» **TASK**
From the records below, output exactly the lines starting at the line with "NRS M's Ignitor Short *" and ending at the line with "Мінівен Ford C-Max 2007 в Фастові фото", both of them included, but no pictures.

(Items from a data source)
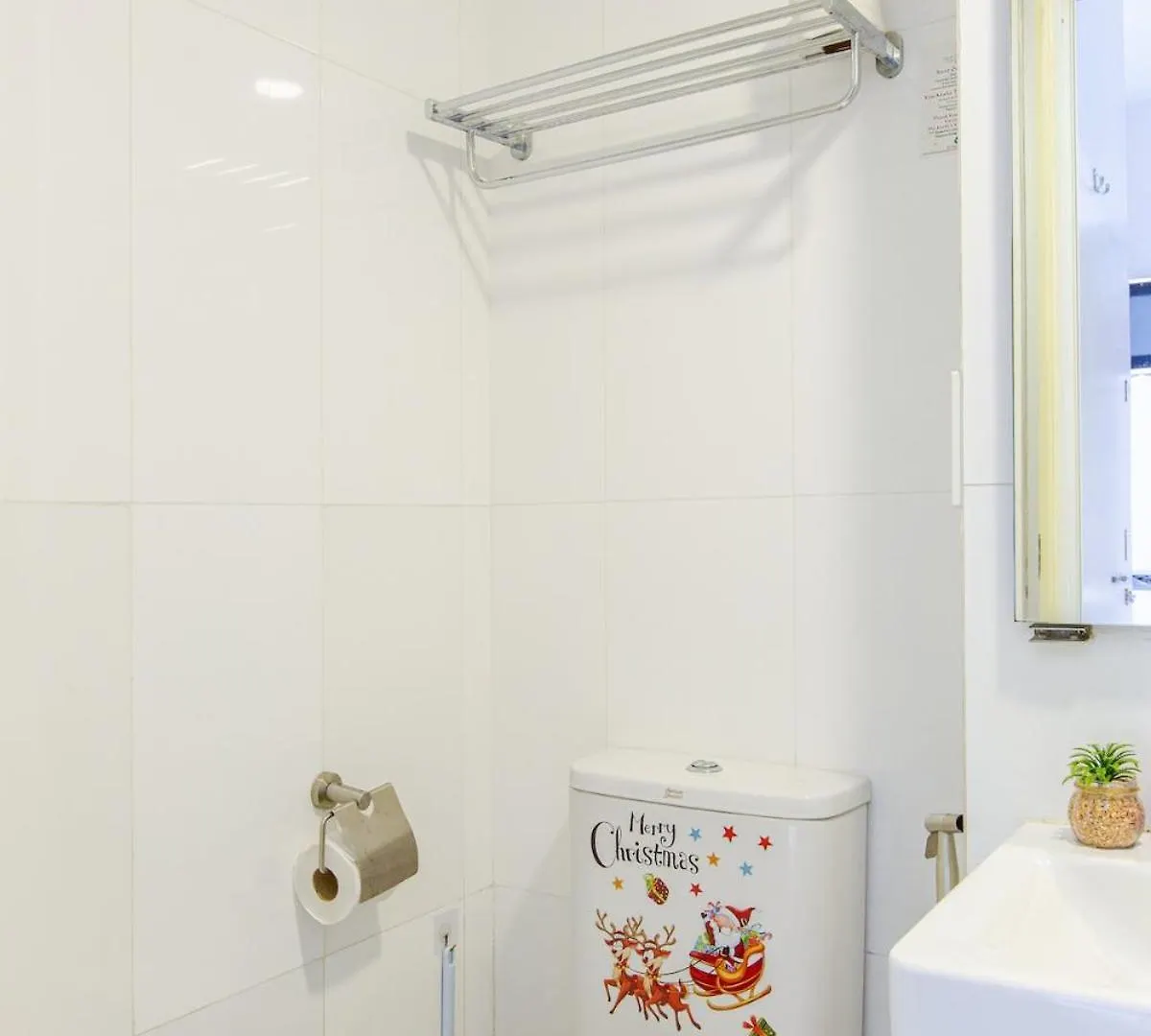 Penang Oceanview Loft Appartement George Town Maleisië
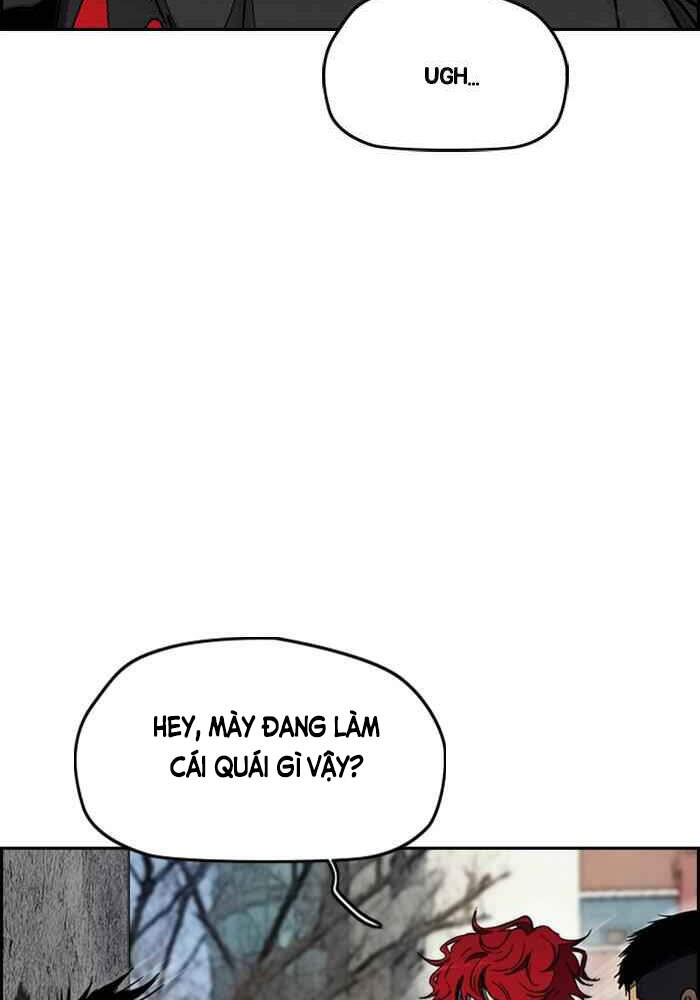 Thể Thao Cực Hạn Chap 267 - Next Chap 268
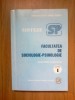 H5 Sinteze - facultatea de socilogie - psihologie - anul I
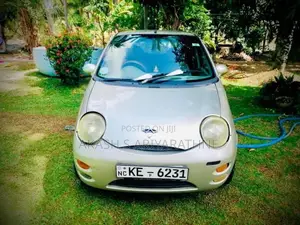 Chery Qq 2006 Car (Used)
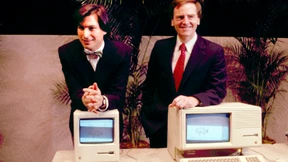 Happy Birthday, Macintosh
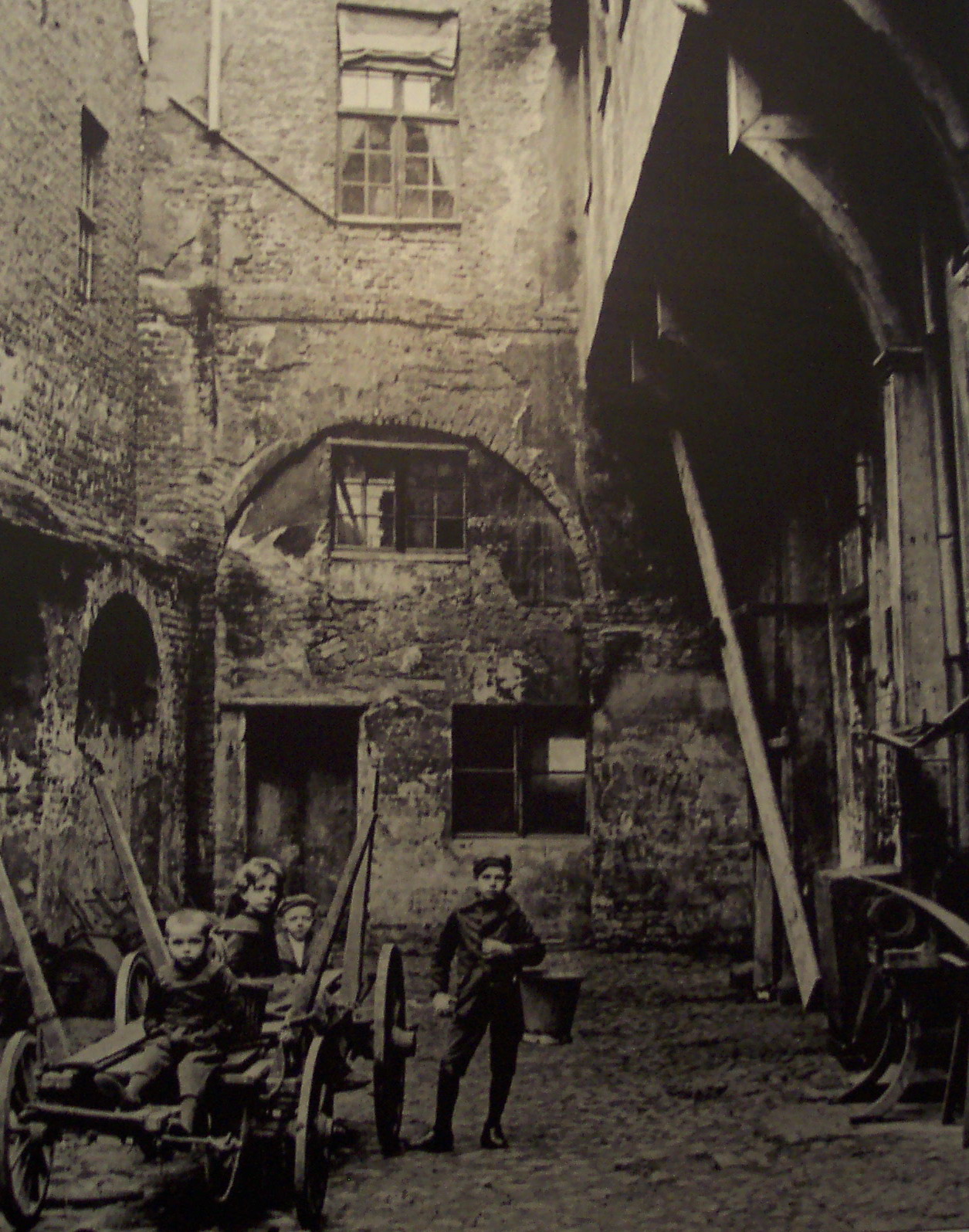 Hobrecht12 James Hobrecht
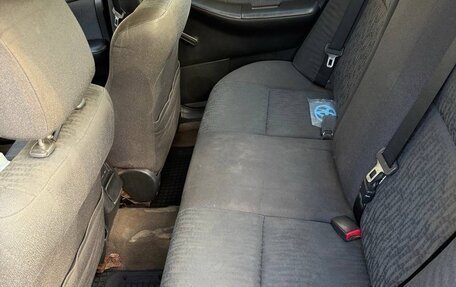 Toyota Corolla, 2003 год, 420 000 рублей, 3 фотография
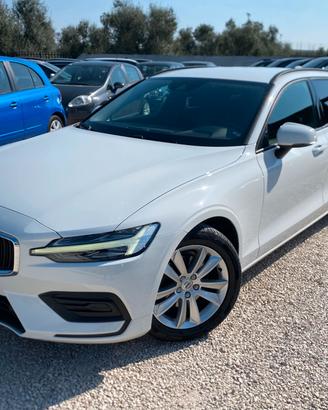 Volvo V60 D3 Dynamic Edition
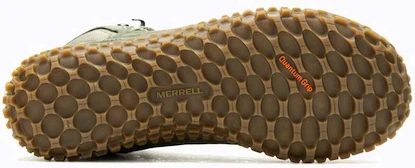 Damen-Outdoorschuhe Merrell  Wrapt Lichen  UK 4,5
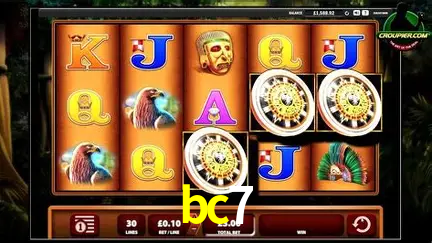 Desvendando o Mundo dos Jogos Virtuais na bc7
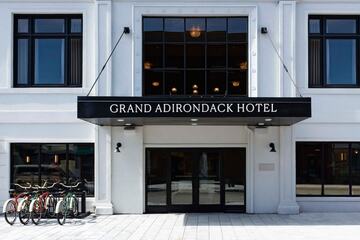 Hotel North Woods Ascend Hotel Collection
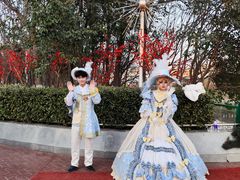 -郑州方特梦幻王国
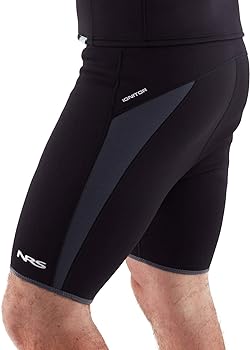 NRS M's Ignitor Short *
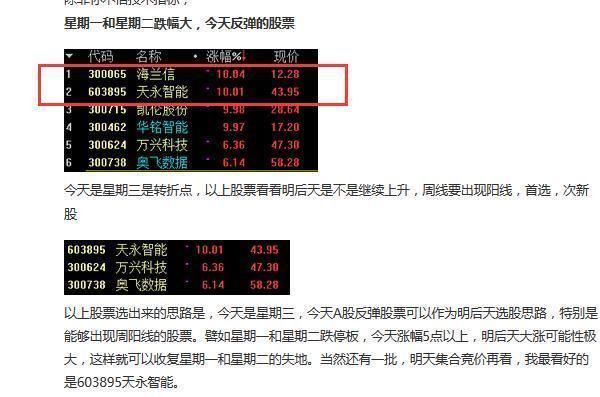 北京一女博士说破股市\＂看涨吞没\＂口诀,庄家听后跪求删除,建议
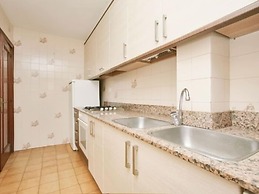 Apartamentos Sol de España 46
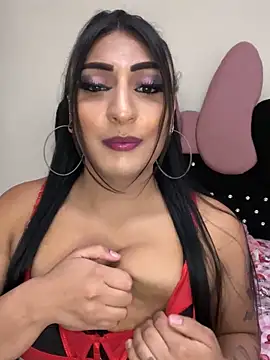 Snapshot of Brianna_Trans00 chatting on February 2025 04:18:02 AM Brianna Trans00 online show from February 2025 04:18:02 AM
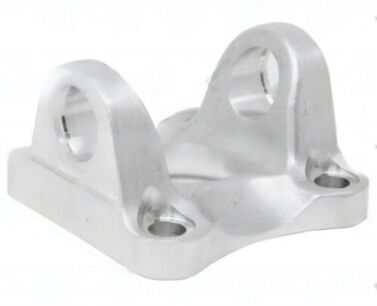 T2-2-1369A driveshaft part image - T2-2-1369A – Flange Yokes – 1330 Series – Bolt Circle Dia 4.250" – Pilot Dia 2.000, F T2-2-1369A flange yoke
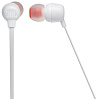 Беспроводные наушники JBL Tune 115BT JBLT115BTWHT (White) купить в интернет-магазине icover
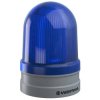 Werma 262.540.60 EvoSIGNAL Light Maxi Rotating Blue 115-230VAC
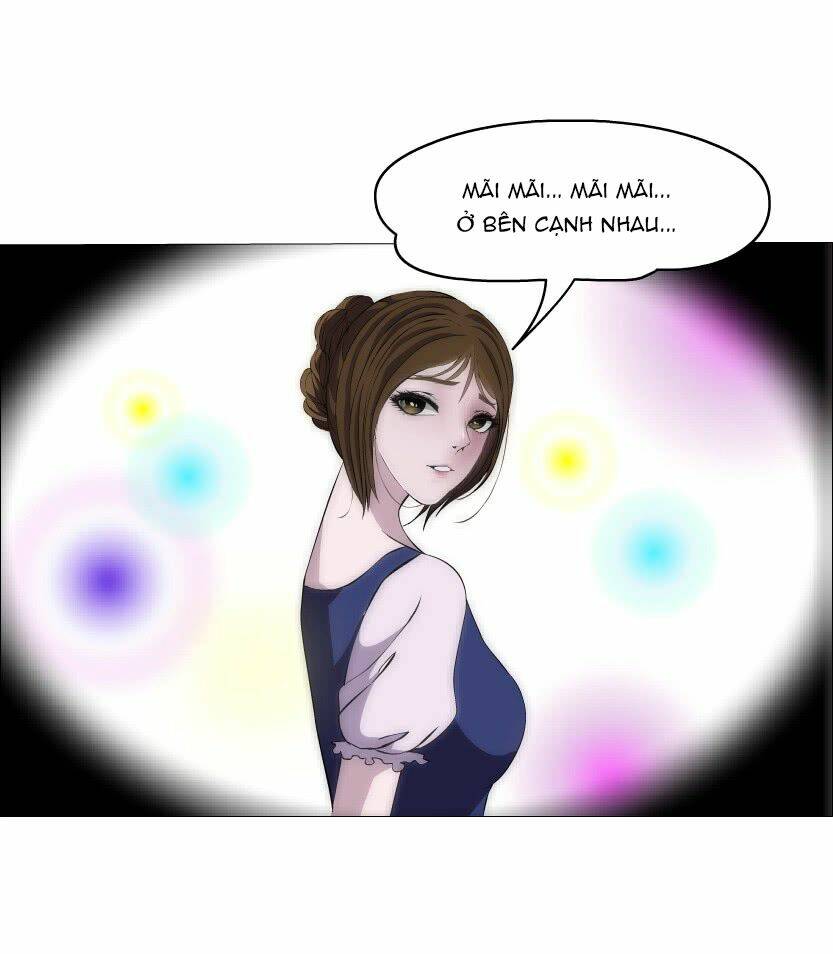 Cạm bẫy của nữ thần - Chapter 185 - Page 10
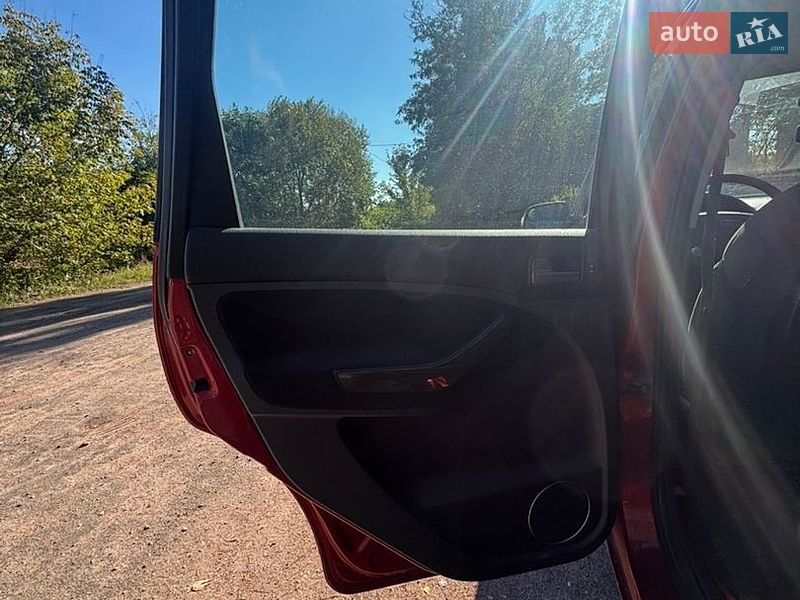 Мінівен Ford C-Max 2007 в Фастові фото 14 Мінівен Ford C-Max 2007 в Фастові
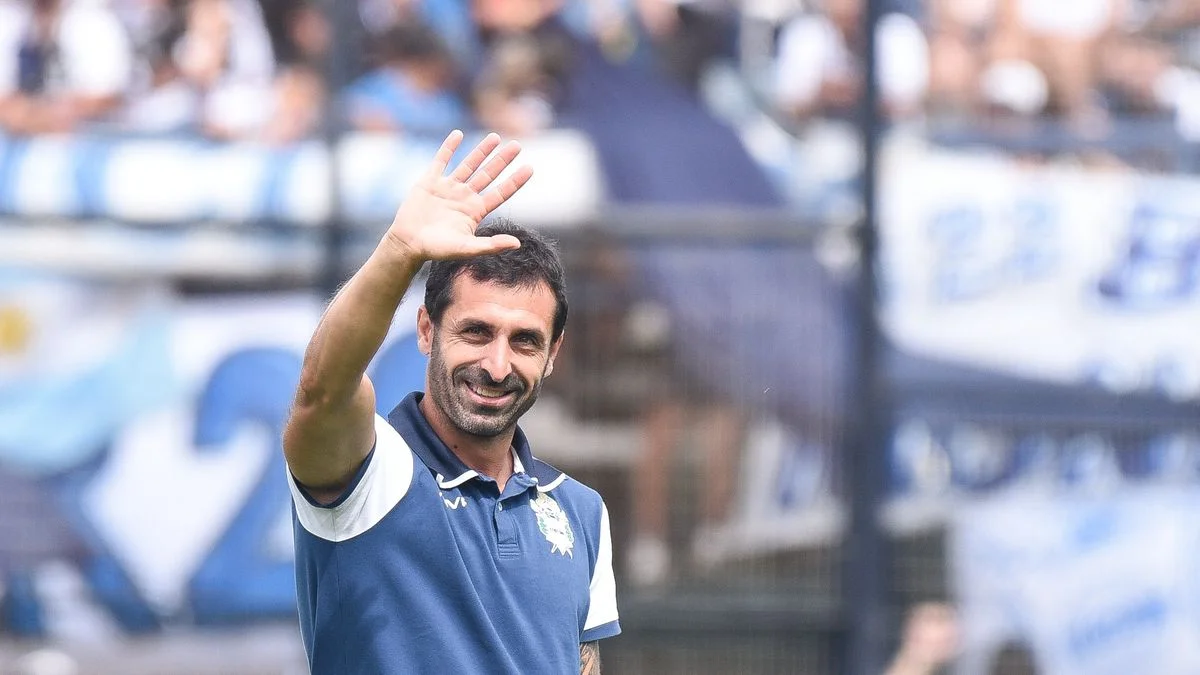 Acuerdo total: Fernando Zaniratto dirigirá a Gimnasia en 2026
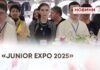 «JUNIOR EXPO 2025»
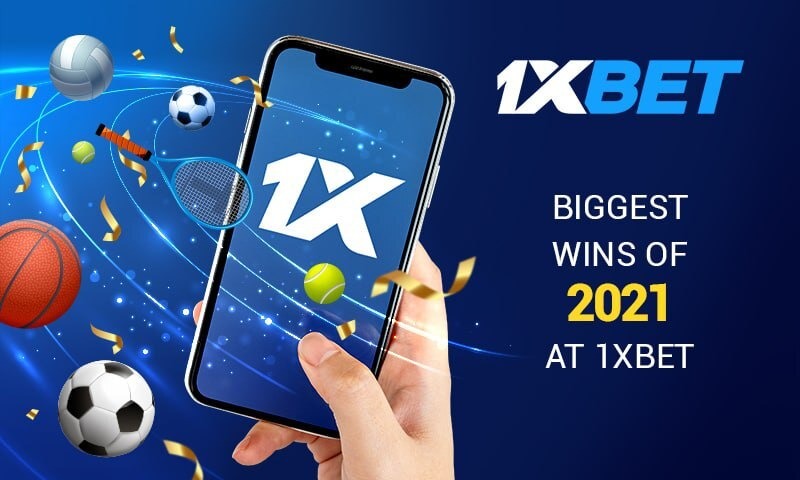 1XBET
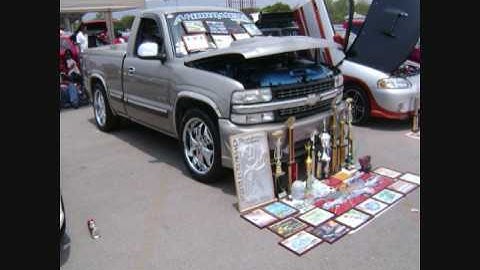 ONLY THE BEST CARS CLUB SALINA CRUZ, OAXACA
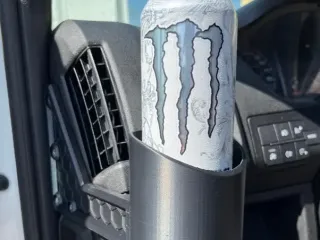 Cup holder Peugeot boxer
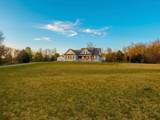 MLS# 3164754 - 4804 Banner Adams Rd in Bean Jeri Jennifer Clark Subdivision in College Grove Tennessee - Real Estate Home For Sale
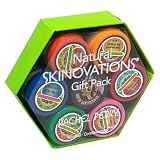 Rachel Perry Natural Skinovations Gift Pack, Normal-Combination, 7 pack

» **RESULT**
 NRS M's Ignitor Short *
 北京一女博士说破股市\＂看涨吞没\＂口诀,庄家听后跪求删除,建议
 Apartamentos Sol de España 46
 Snapshot of Brianna_Trans00 chatting on February 2025 04:18:02 AM Brianna Trans00 online show from February 2025 04:18:02 AM
 T2-2-1369A driveshaft part image - T2-2-1369A – Flange Yokes – 1330 Series – Bolt Circle Dia 4.250" – Pilot Dia 2.000, F T2-2-1369A flange yoke
 Беспроводные наушники JBL Tune 115BT JBLT115BTWHT (White) купить в интернет-магазине icover
 Werma 262.540.60 EvoSIGNAL Light Maxi Rotating Blue 115-230VAC
 Cạm bẫy của nữ thần - Chapter 185 - Page 10
 Мінівен Ford C-Max 2007 в Фастові фото 14 Мінівен Ford C-Max 2007 в Фастові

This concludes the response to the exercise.